فَلَآ أُقۡسِمُ بِٱلۡخُنَّسِ ٱلۡجَوَارِ ٱلۡكُنَّسِ وَٱلَّيۡلِ إِذَا عَسۡعَسَ وَٱلصُّبۡحِ إِذَا تَنَفَّسَ (“Sungguh, Aku bersumpah dengan bintang-bintang yang beredar dan terbenam. Demi malam apabila telah hampir meninggalkan gelapnya, dan demi shubuh apabila fajarnya mulai menyingsing.”) Ibnu Abi Hatim dan Ibnu Jarir meriwayatkan dari ‘Ali:

فَلَآ أُقۡسِمُ بِٱلۡخُنَّسِ ٱلۡجَوَارِ ٱلۡكُنَّسِ (“Sungguh Aku bersumpah dengan bintang-bintang, yang beredar dan terbenam.”) dia mengatakan: “Yaitu bintang-bintang yang terbenam pada siang hari dan muncul pada malam hari.” Dan Ibnu Jarir tawaqquf (tidak memberikan pendapatnya) pada maksud firman-Nya:

بِٱلۡخُنَّسِ ٱلۡجَوَارِ ٱلۡكُنَّسِ (“Dengan bintang-bintang yang beredar dan terbenam.”) apakah ia bintang-bintang atau kijang dan sapi liar. Dia mengatakan: “Ada kemungkinan semua itu yang dimaksudkan.”

Tafsir Kemenag: Dalam ayat-ayat ini, Allah bersumpah demi bintang-bintang yang beredar dan terbenam. Bintang-bintang itu semuanya tidak tampak oleh penglihatan pada siang hari, namun akan kelihatan bersinar pada malam hari.

Allah bersumpah dengan bintang-bintang itu karena dalam keadaannya yang silih berganti, tidak tampak ketika siang dan bersinar pada malam hari, merupakan tanda atas kekuasaan Allah yang mengatur perjalanannya.

Tafsir Quraish Shihab: Aku bersumpah dengan setegasnya, demi bintang yang mulai menampakkan diri saat terbit, dengan cahayanya yang redup.

Surah At-Takwir Ayat 16
ٱلۡجَوَارِ ٱلۡكُنَّسِ

Terjemahan: yang beredar dan terbenam,

Tafsir Jalalain: ٱلۡجَوَارِ ٱلۡكُنَّسِ (yang beredar dan yang terbenam) yang dimaksud adalah bintang-bintang yang lima, yaitu: Uranus, Yupiter, Mars, Venus dan Pluto.

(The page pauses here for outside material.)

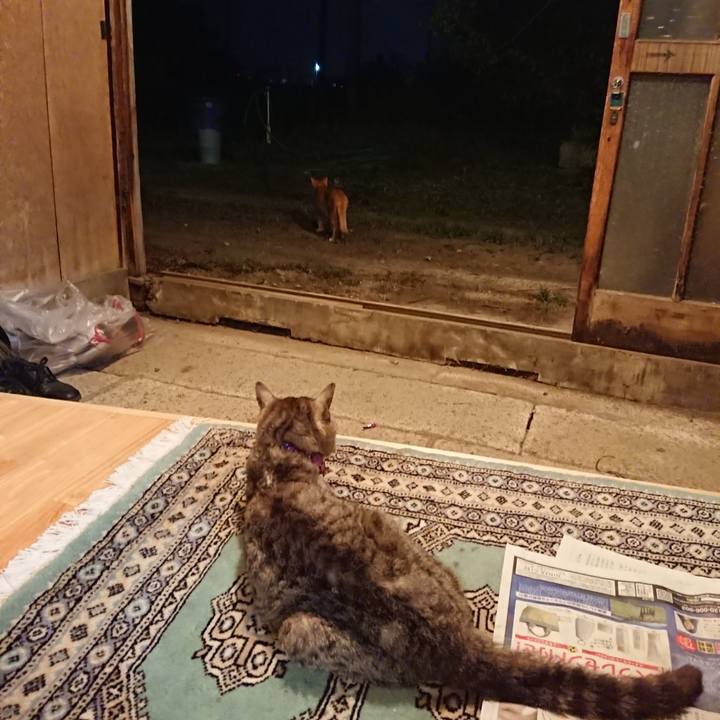 6d78dd38 ee7e 40f4 853a f81fcd0168e6 1598177552663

Takhnusu artinya kembali beredar pada garis edarnya ke belakang, terlihat bintang-bintang itu berada di akhir garis edarnya, lalu kembali ke belakang yaitu tempat semula. Lafal Taknisu artinya yang masuk ke dalam kandangnya; maksudnya bintang-bintang tersebut terbenam ke tempat biasa terbenamnya.

Tafsir Ibnu Katsir: ٱلۡجَوَارِ ٱلۡكُنَّسِ (yang beredar dan terbenam,)

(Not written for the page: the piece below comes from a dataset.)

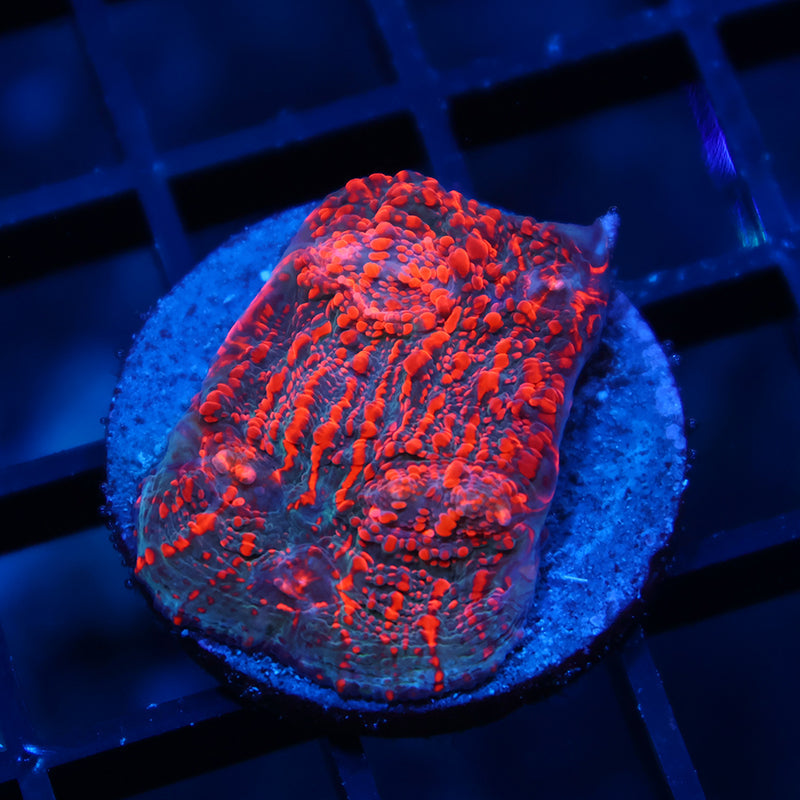 WWC Cherry Garcia Chalice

Tafsir Kemenag: Dalam ayat-ayat ini, Allah bersumpah demi bintang-bintang yang beredar dan terbenam. Bintang-bintang itu semuanya tidak tampak oleh penglihatan pada siang hari, namun akan kelihatan bersinar pada malam hari.

Allah bersumpah dengan bintang-bintang itu karena dalam keadaannya yang silih berganti, tidak tampak ketika siang dan bersinar pada malam hari, merupakan tanda atas kekuasaan Allah yang mengatur perjalanannya.

Tafsir Quraish Shihab: Yang beredar dan yang berlindung saat terbenam bak kijang yang berlindung di persembunyiannya.

Surah At-Takwir Ayat 17
وَٱلَّيۡلِ إِذَا عَسۡعَسَ

Terjemahan: demi malam apabila telah hampir meninggalkan gelapnya,

Tafsir Jalalain: وَٱلَّيۡلِ إِذَا عَسۡعَسَ (Dan demi malam apabila hampir meninggalkan gelapnya) maksudnya, hampir berpisah dengan kegelapannya, atau pergi meninggalkan kegelapannya.

Tafsir Ibnu Katsir: Dan firman Allah: وَٱلَّيۡلِ إِذَا عَسۡعَسَ (“Demi malam apabila telah hamper meninggalkan gelapnya.”) mengenai hal ini terdapat dua pendapat. Pertama, menuju kepada kegelapannya. Mujahid mengatakan:

“Yakni menjadi gelap.” Sedangkan ‘Ali bin Abi Thalhah dan al-‘Aufi meriwayatkan dari Ibnu ‘Abbas, إِذَا عَسۡعَسَ, apabila telah hampir meninggalkan gelapnya; yakni jika malam telah meninggalkan gelapnya.

Demikian pula yang dikemukakan oleh Muhahid, Qatadah dan adl-Dlahhak. Dan juga menjadi pilihan Ibnu Jarir bahwa yang dimaksud dengan firman-Nya: إِذَا عَسۡعَسَ (“Apabila telah hampir meninggalkan gelapnya.”) yakni jika malam telah pergi meninggalkan.

Tafsir Kemenag: Dalam ayat ini, Allah bersumpah demi malam apabila telah hampir meninggalkan gelapnya.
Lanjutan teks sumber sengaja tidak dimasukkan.